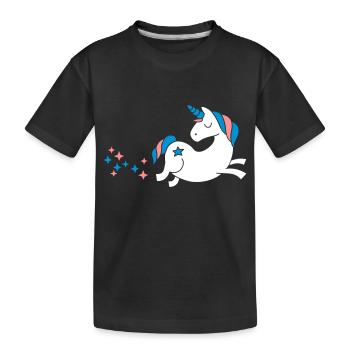 unicorn - Einhorn Sternenstaub - Kinder Premium Bio T-Shirt - Schwarz - Vorne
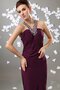 Meerjungfrau Stil Spaghetti Träger Chiffon Ärmelloses Abendkleid mit Perlen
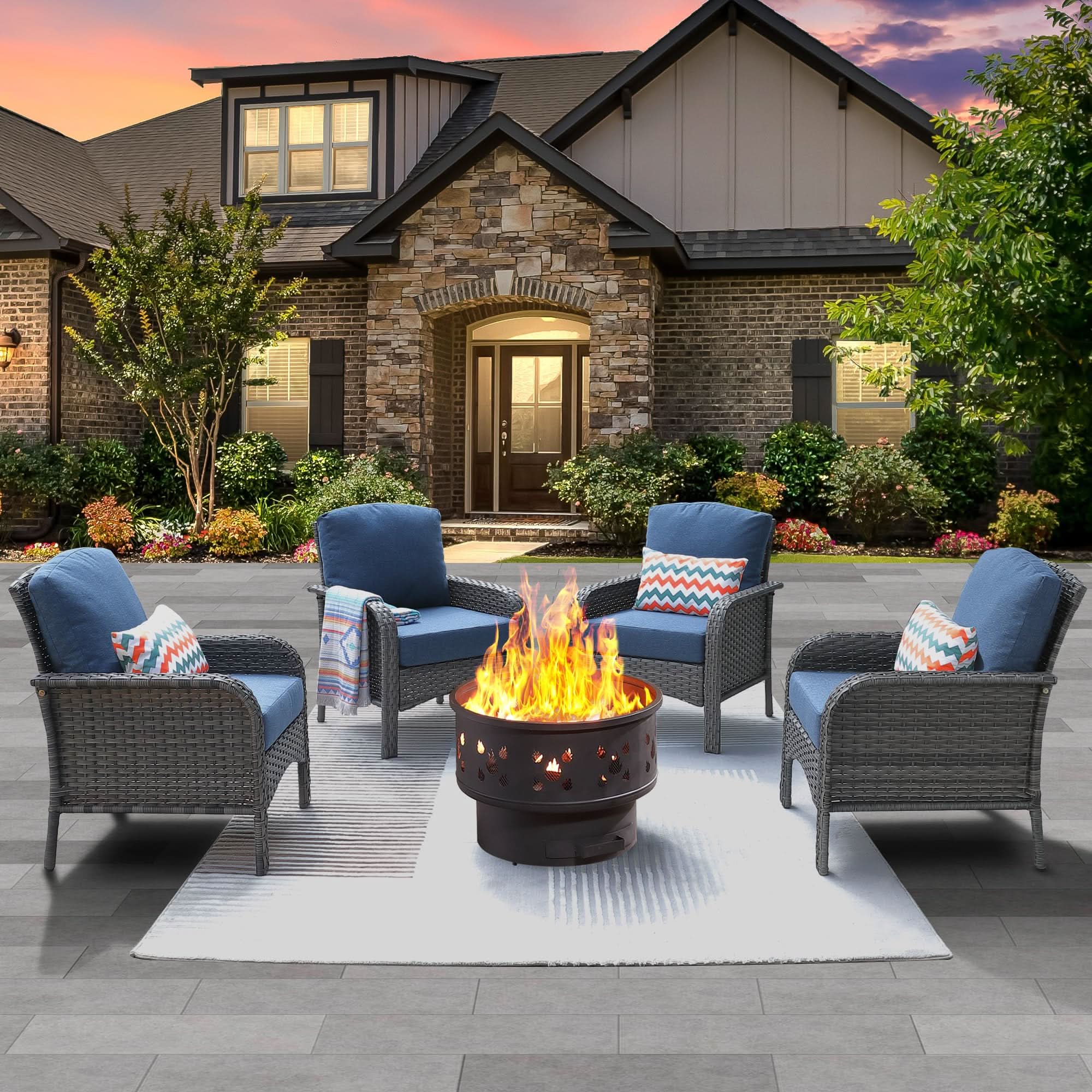 OVIOS patio furniture set with fire pit, gray wicker chairs with blue cushions, perfect for outdoor relaxation and gathering.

-=-=-=-=-

The listing above is to be set down word for word, without its images.

- [Solution for this exercise]
 unicorn - Einhorn Sternenstaub - Kinder Premium Bio T-Shirt - Schwarz - Vorne
 Meerjungfrau Stil Spaghetti Träger Chiffon Ärmelloses Abendkleid mit Perlen
 OVIOS patio furniture set with fire pit, gray wicker chairs with blue cushions, perfect for outdoor relaxation and gathering.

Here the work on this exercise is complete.